> [MATERIAL SUPPLIED]
----

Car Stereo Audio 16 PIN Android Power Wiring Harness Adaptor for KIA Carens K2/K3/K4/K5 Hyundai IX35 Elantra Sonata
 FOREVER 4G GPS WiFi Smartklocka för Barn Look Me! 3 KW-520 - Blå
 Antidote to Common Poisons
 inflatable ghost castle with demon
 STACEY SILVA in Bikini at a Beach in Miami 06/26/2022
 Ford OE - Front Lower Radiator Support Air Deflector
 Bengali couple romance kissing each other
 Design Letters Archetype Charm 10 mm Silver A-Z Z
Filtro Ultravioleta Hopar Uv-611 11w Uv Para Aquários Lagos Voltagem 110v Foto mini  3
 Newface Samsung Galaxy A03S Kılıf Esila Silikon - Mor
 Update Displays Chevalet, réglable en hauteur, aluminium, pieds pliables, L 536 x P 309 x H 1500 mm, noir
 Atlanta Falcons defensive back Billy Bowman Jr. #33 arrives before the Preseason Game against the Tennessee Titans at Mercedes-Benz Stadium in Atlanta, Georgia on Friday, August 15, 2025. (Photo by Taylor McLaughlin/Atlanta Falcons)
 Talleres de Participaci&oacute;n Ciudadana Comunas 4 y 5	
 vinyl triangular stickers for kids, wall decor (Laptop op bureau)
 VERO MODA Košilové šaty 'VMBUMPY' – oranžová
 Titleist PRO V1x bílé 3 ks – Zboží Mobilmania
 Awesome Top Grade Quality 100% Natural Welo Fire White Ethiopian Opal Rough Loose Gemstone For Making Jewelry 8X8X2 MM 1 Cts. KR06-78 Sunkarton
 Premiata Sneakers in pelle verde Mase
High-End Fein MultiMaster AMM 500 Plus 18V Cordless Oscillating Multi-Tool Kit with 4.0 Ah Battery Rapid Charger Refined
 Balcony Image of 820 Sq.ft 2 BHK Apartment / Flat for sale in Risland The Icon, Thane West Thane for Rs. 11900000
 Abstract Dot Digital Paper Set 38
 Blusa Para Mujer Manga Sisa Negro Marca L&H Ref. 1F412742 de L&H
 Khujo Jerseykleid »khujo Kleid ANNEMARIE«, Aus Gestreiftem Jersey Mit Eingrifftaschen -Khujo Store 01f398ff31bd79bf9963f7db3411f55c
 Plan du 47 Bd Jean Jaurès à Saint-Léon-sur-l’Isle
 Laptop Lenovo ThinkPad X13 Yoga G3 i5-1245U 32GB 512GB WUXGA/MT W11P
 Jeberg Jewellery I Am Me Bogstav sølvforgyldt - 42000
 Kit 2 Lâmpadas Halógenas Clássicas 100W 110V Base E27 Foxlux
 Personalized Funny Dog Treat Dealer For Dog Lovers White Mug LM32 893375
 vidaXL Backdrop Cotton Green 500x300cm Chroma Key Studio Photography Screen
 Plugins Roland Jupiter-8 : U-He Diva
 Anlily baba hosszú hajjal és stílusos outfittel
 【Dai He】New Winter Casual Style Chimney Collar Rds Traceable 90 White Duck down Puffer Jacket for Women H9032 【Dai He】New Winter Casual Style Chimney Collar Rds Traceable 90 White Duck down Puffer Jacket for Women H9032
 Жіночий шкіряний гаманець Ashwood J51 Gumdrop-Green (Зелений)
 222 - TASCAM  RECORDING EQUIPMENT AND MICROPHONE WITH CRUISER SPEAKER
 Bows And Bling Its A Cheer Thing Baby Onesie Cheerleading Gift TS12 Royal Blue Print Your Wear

----

Your reply is to repeat, unchanged, the lines above running from the one with "High-End Fein MultiMaster" up to and including the one with "Abstract Dot Digital Paper Set 38".

High-End Fein MultiMaster AMM 500 Plus 18V Cordless Oscillating Multi-Tool Kit with 4.0 Ah Battery Rapid Charger Refined
 Balcony Image of 820 Sq.ft 2 BHK Apartment / Flat for sale in Risland The Icon, Thane West Thane for Rs. 11900000
 Abstract Dot Digital Paper Set 38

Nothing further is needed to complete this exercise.